* **Problem**: Copy every record verbatim. Leave the pictures out.

* **Input material**:
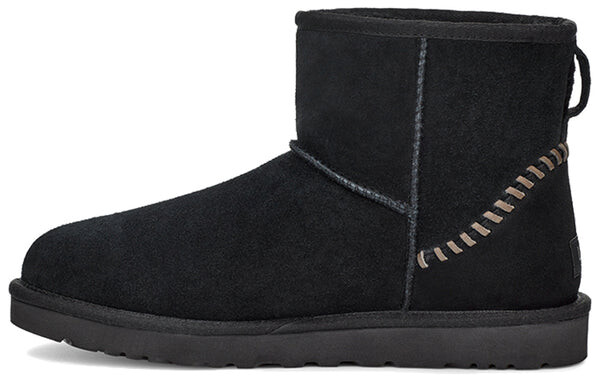 Зимние ботинки мужские Ugg замшевые, черный — фото 2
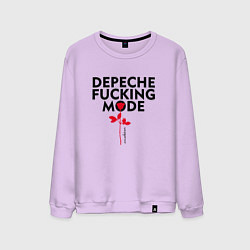 Мужской свитшот Depeche Mode - Rose mode white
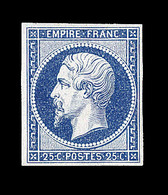 (**) NAPOLEON NON DENTELE - (**) - N°14Aa - 20c Bleu Foncé  - TB - 1853-1860 Napoleon III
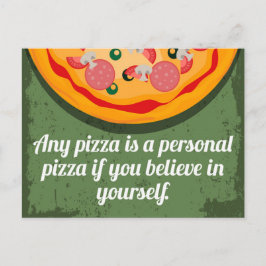Een persoonlijke Pizza Funny Quote Briefkaart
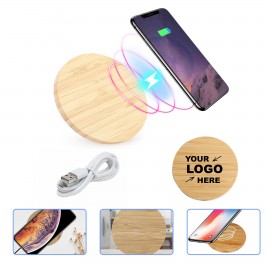 Custom 15W Wood Phone Wireless Charging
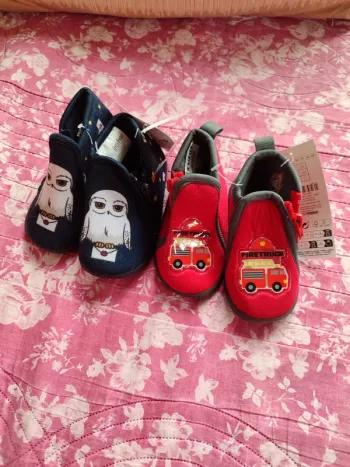 chaussons harry potter et pompier 20/21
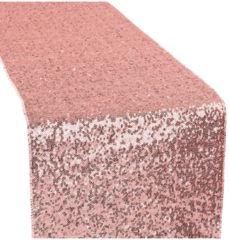 Dusty Rose/Mauve Sequin Table Runner
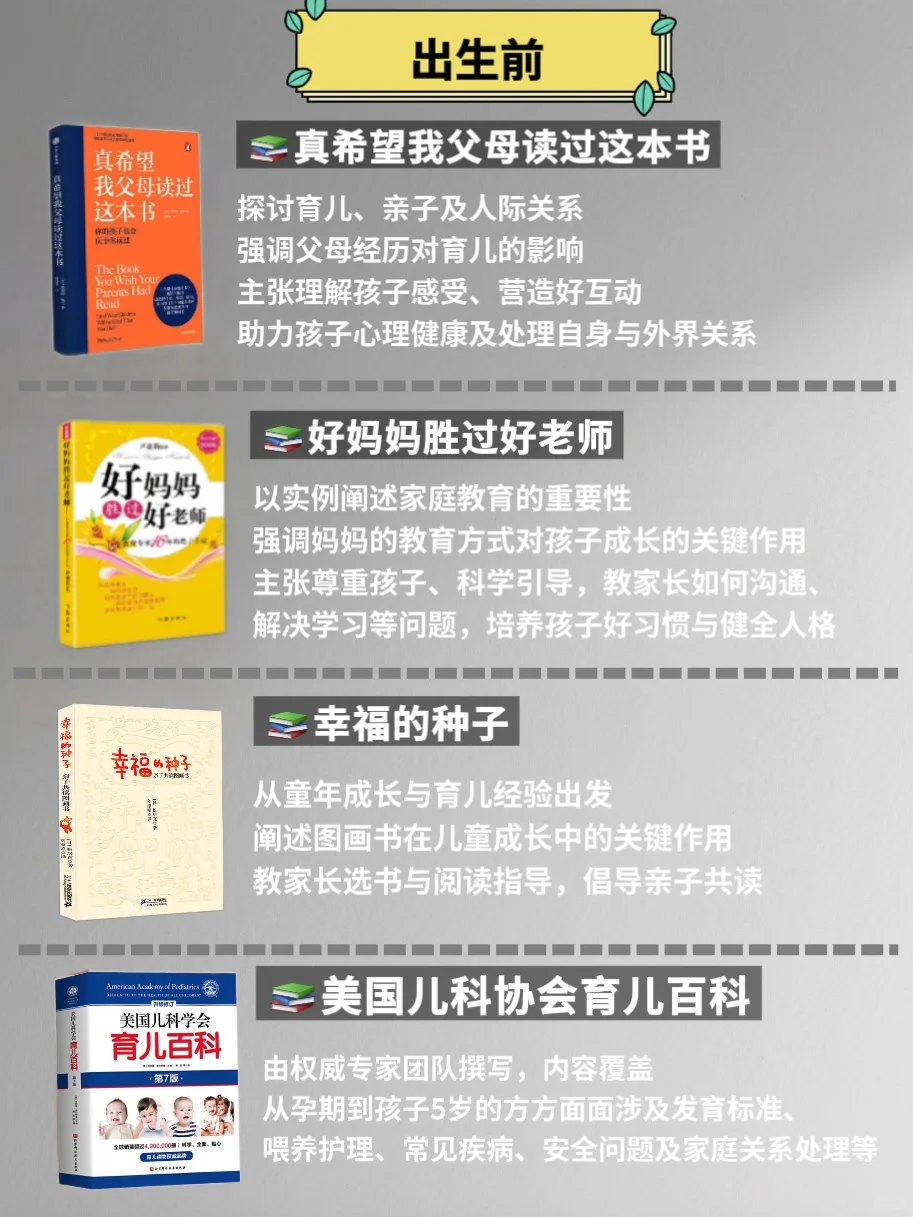 当了妈妈后，再忙也要读这24本书❗️不焦虑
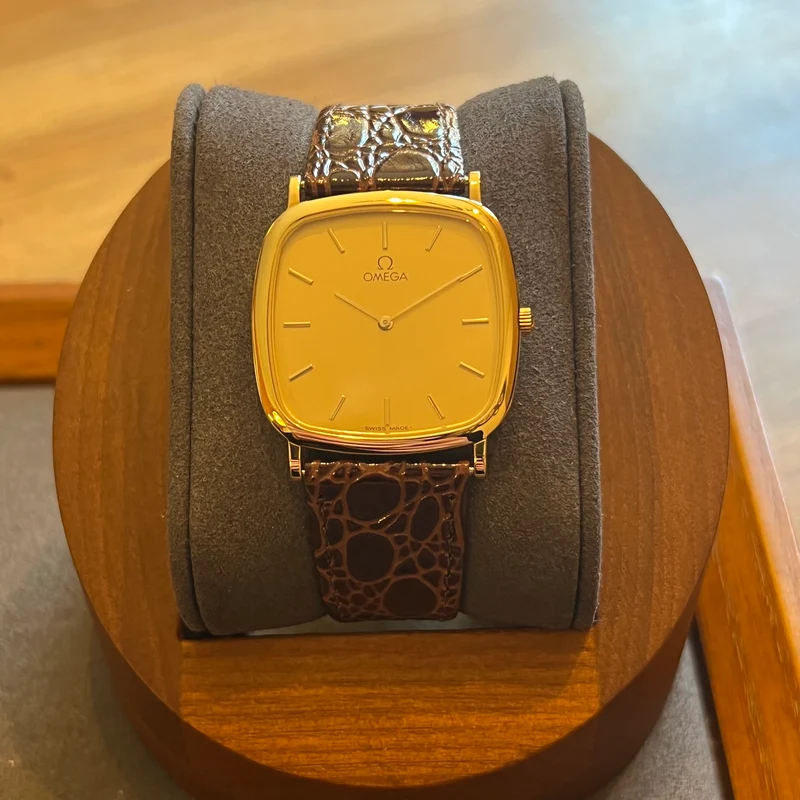 Omega Ensemble complet De Ville Square Vintage 1993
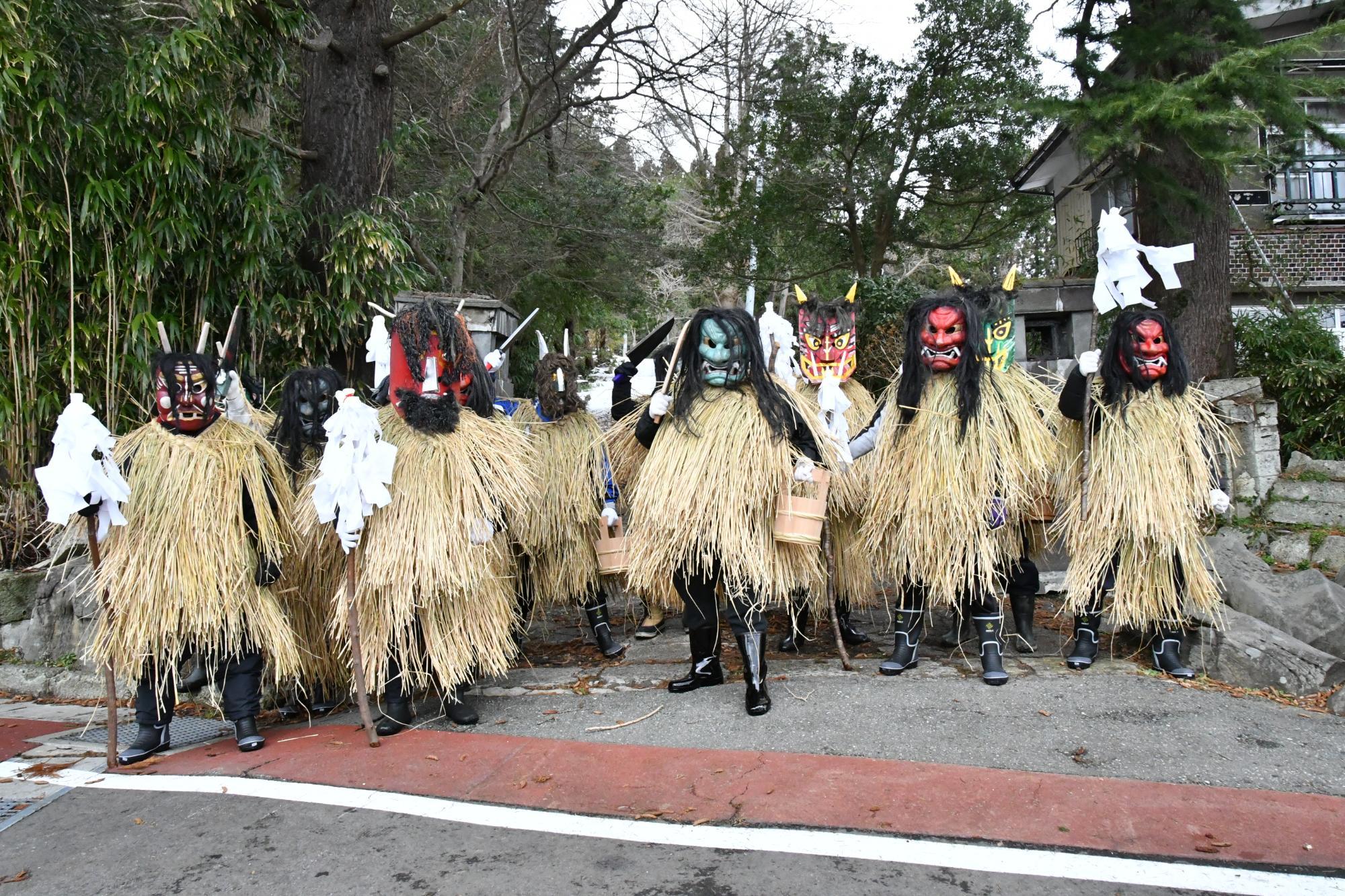 （イメージ）市職員による大晦日のナマハゲ行事を今年も開催します！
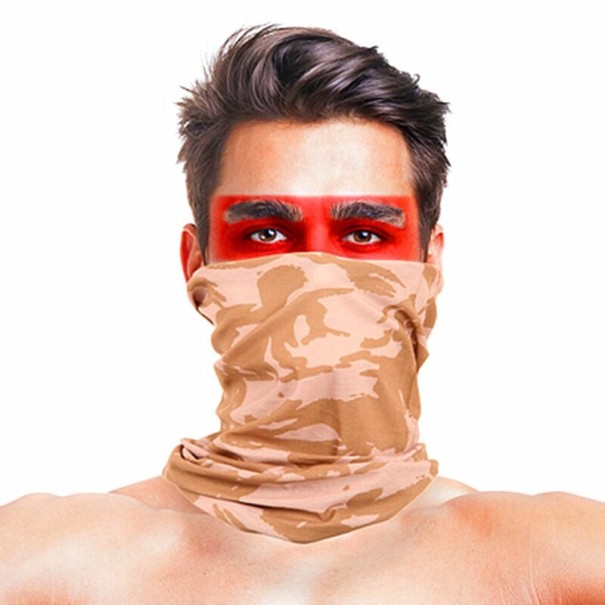 Écharpe pour homme avec motif camouflage 10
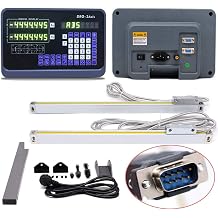 ToAuto 2 Axis DRO Kit Digital Readout 14 28 TTL Linear Scale Kit 350mm+700mm 5um Precision 0.0002" لآلة مخرطة الطحن 350mm+700mm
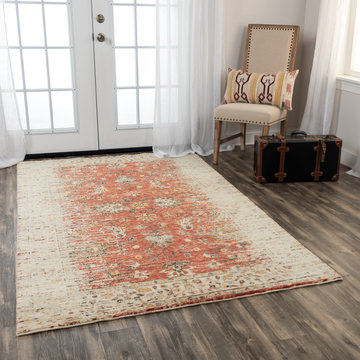 Ovation Rust Border Area Rug - 8′0″ X 10′0″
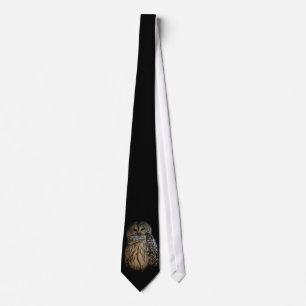 Sleepy Owl Tie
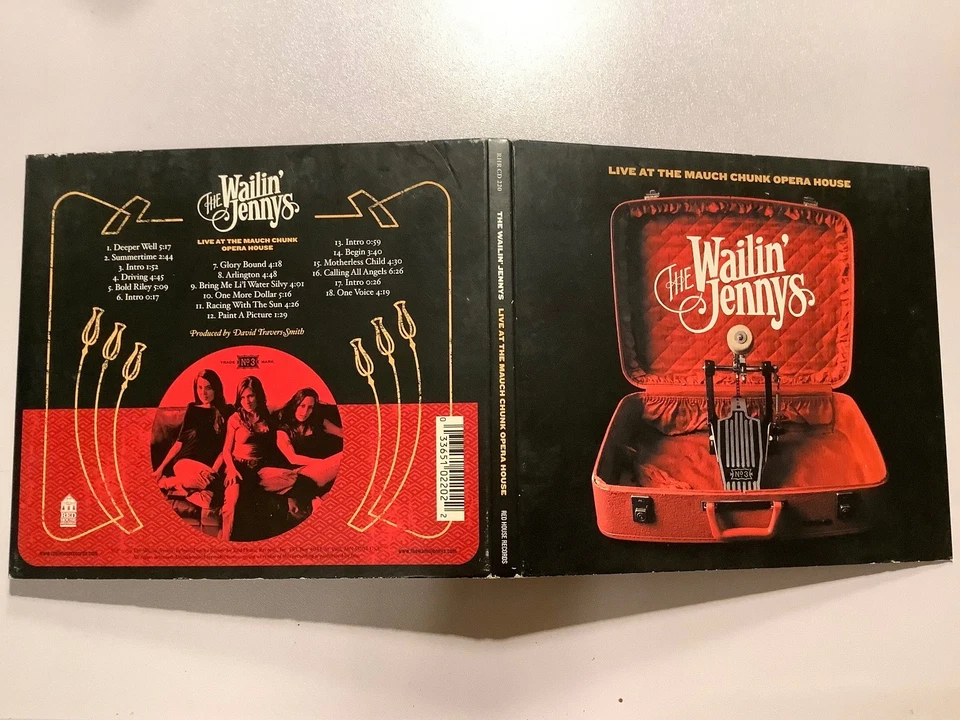 The Wailin' Jennys - Live At The Mauch Chunk Opera House компакт-диск 2009 Folk Red House - Изображение 1 из 4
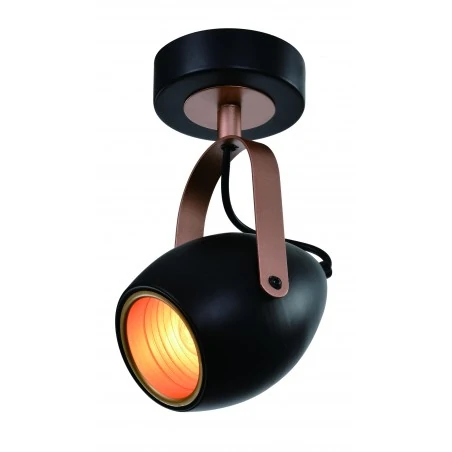 Kinkiety - regulowany kinkiet czarno-miedziany 1x40w e14 anica 91-81391 candellux 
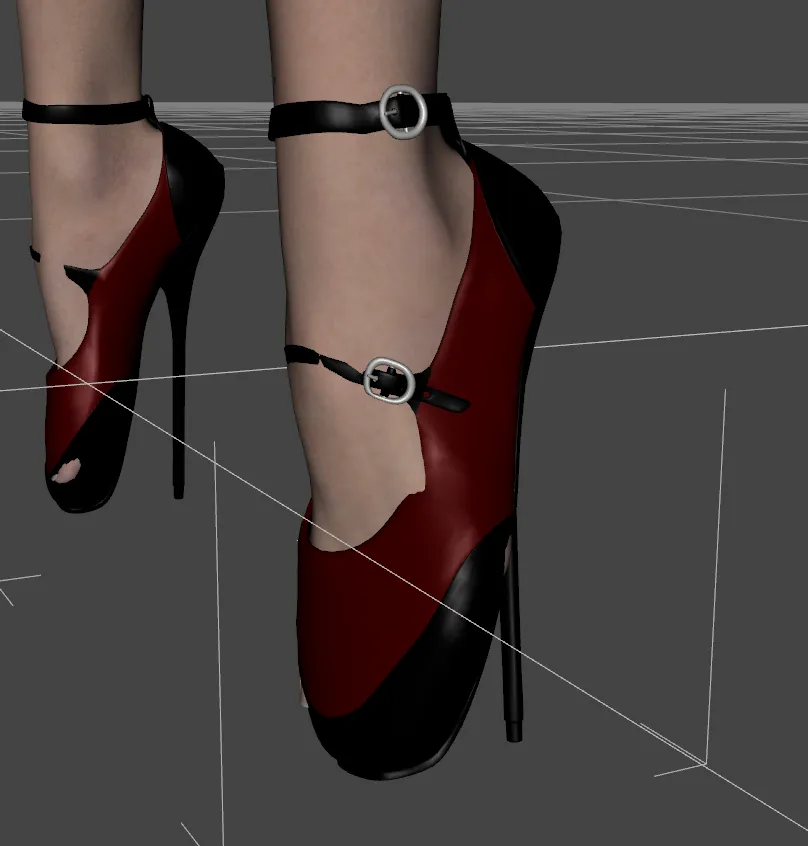 Left shoe example
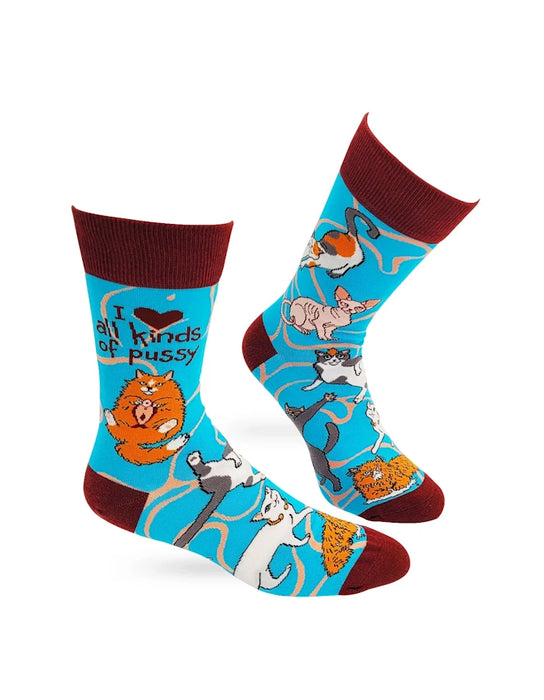 "I Love All Kinds of P*ssy" Men's Crew Socks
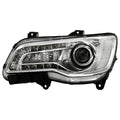 1523 CHRYSLER 300 HALOGEN ONLY (EX HID MODELS ) CHROME BEZEL DRIVER SIDE HEADLI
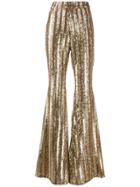 Amen Embellished Flared Trousers - Gold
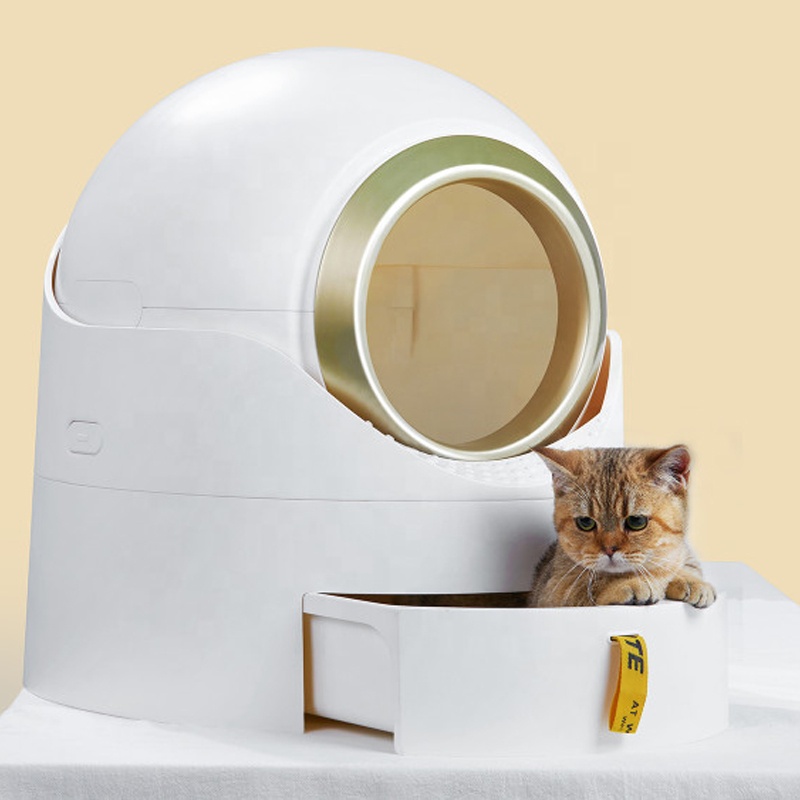 Luxury Plastic Pet Fully Enclosed Large Self Cleaning Semi Automatic Cat Litter Box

* **Solution to the exercise**:
 Зимние ботинки мужские Ugg замшевые, черный — фото 2
 Мужской свитшот Depeche Mode - Rose mode white
 (**) NAPOLEON NON DENTELE - (**) - N°14Aa - 20c Bleu Foncé  - TB - 1853-1860 Napoleon III
Een persoonlijke Pizza Funny Quote Briefkaart
 Custom 15W Wood Phone Wireless Charging
 chaussons harry potter et pompier 20/21
 Dusty Rose/Mauve Sequin Table Runner
 当了妈妈后，再忙也要读这24本书❗️不焦虑
 Omega Ensemble complet De Ville Square Vintage 1993
 （イメージ）市職員による大晦日のナマハゲ行事を今年も開催します！
 Écharpe pour homme avec motif camouflage 10
 ToAuto 2 Axis DRO Kit Digital Readout 14 28 TTL Linear Scale Kit 350mm+700mm 5um Precision 0.0002" لآلة مخرطة الطحن 350mm+700mm
 Ovation Rust Border Area Rug - 8′0″ X 10′0″
 Sleepy Owl Tie
 The Wailin' Jennys - Live At The Mauch Chunk Opera House компакт-диск 2009 Folk Red House - Изображение 1 из 4
 Kinkiety - regulowany kinkiet czarno-miedziany 1x40w e14 anica 91-81391 candellux 
 Left shoe example
 "I Love All Kinds of P*ssy" Men's Crew Socks
 1523 CHRYSLER 300 HALOGEN ONLY (EX HID MODELS ) CHROME BEZEL DRIVER SIDE HEADLI
 Amen Embellished Flared Trousers - Gold
 Luxury Plastic Pet Fully Enclosed Large Self Cleaning Semi Automatic Cat Litter Box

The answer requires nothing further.